» **EXCERPTED DATA**:
——————————

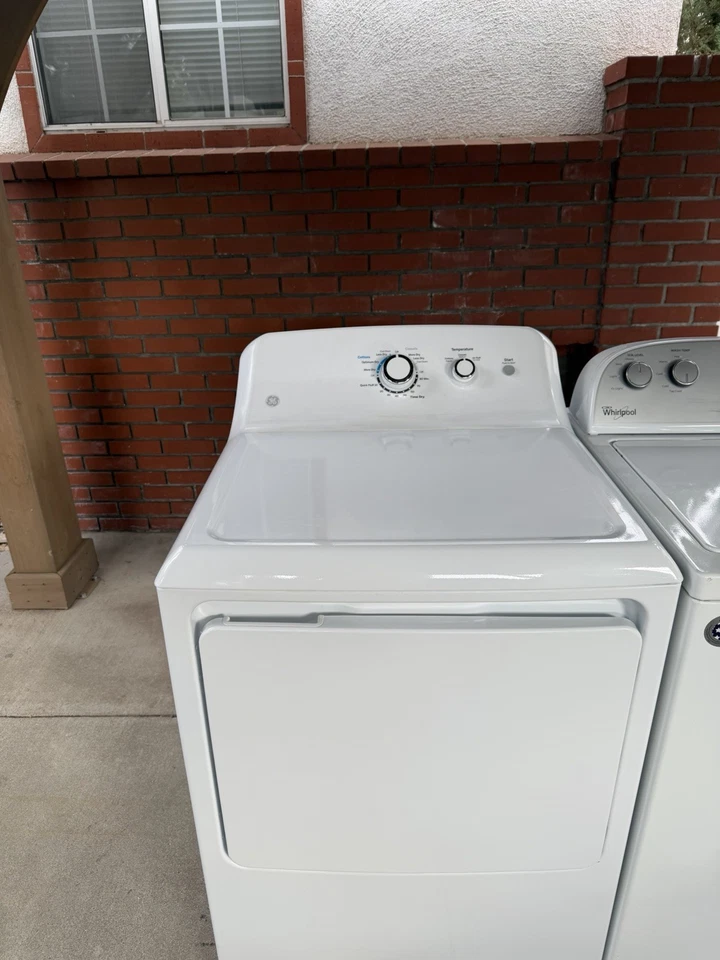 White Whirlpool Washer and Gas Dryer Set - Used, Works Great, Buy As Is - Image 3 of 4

——————————

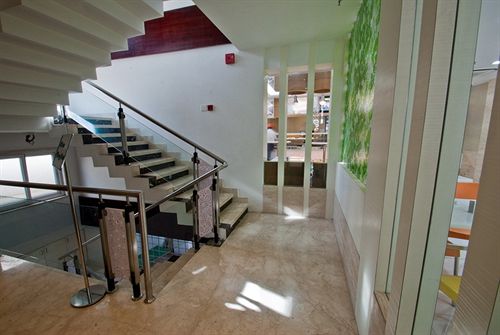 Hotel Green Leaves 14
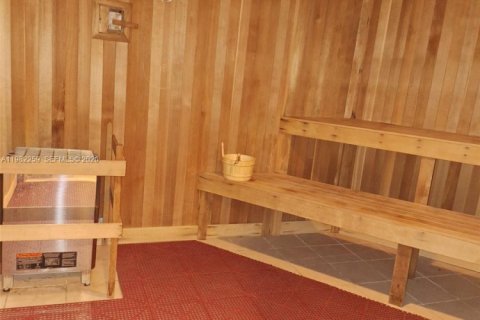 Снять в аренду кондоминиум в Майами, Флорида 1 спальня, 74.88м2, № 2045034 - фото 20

——————————

» **TASK OBJECTIVE**: Starting at the line that contains "Hotel Green Leaves 14" and ending at the line that contains "Снять в аренду", transcribe the material above exactly, excluding pictures.

» **TASK RESPONSE**:
 Hotel Green Leaves 14
 Снять в аренду кондоминиум в Майами, Флорида 1 спальня, 74.88м2, № 2045034 - фото 20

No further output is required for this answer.